*THE DATA*
━━━━━━━━━━━━━━━━━━━━━━━━━━━━━━

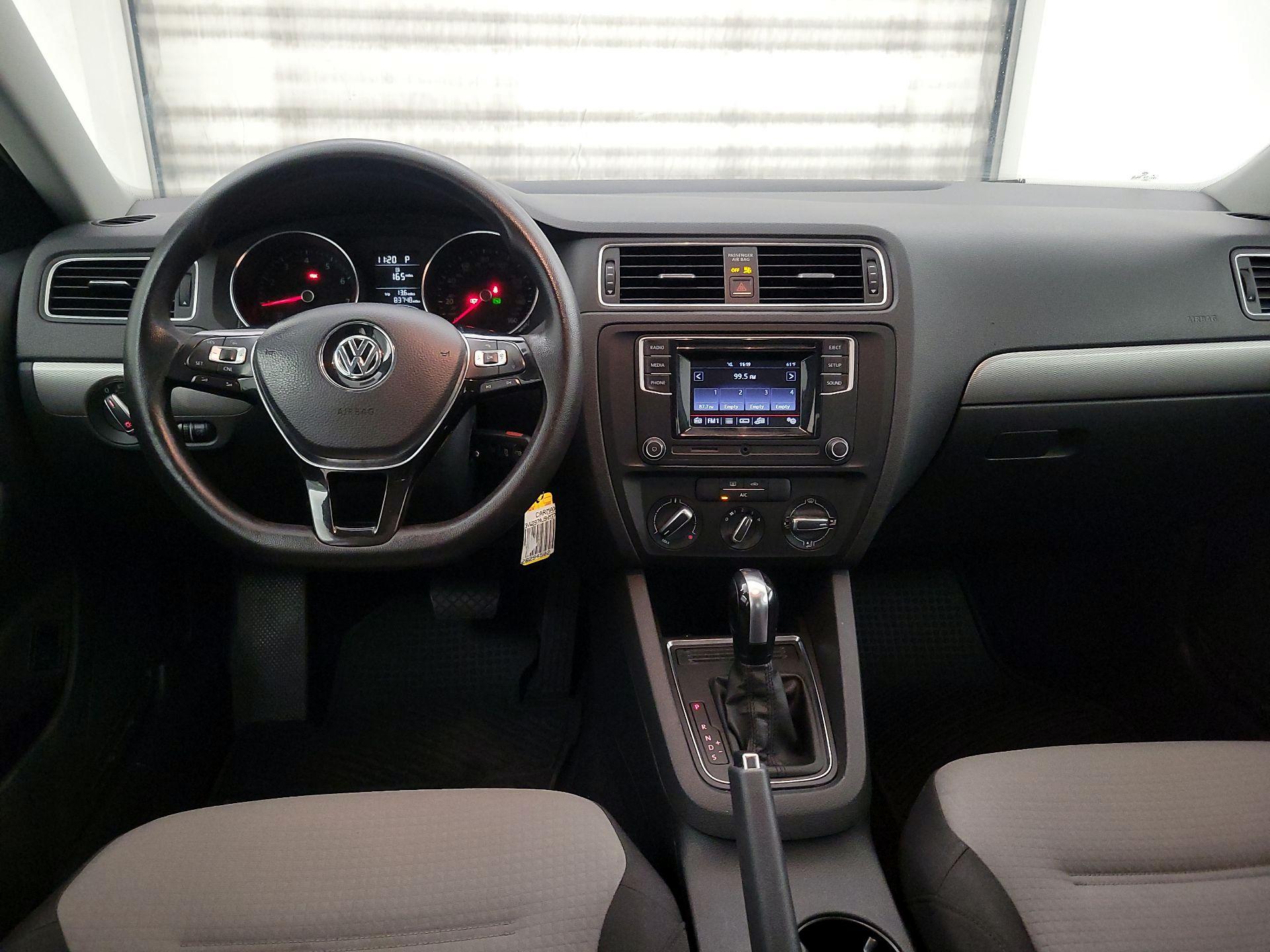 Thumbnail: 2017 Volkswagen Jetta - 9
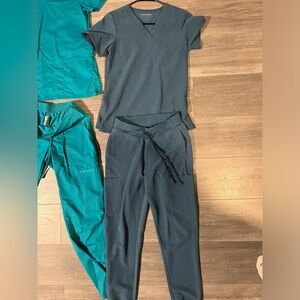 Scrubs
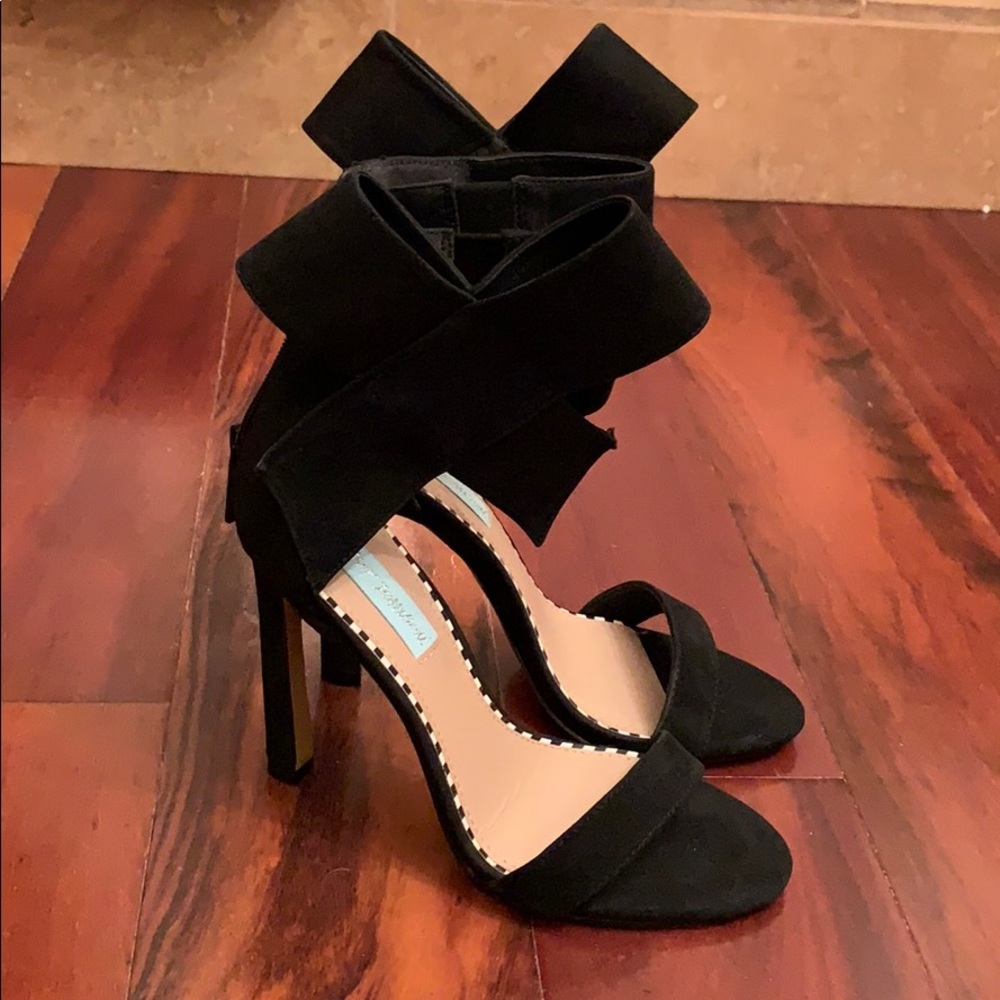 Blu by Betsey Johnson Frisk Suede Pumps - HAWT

━━━━━━━━━━━━━━━━━━━━━━━━━━━━━━

*ABOUT THIS EXERCISE*
Please restate the whole listing exactly, without any of its pictures.

*RESPONSE*
 Thumbnail: 2017 Volkswagen Jetta - 9
 Scrubs
 Blu by Betsey Johnson Frisk Suede Pumps - HAWT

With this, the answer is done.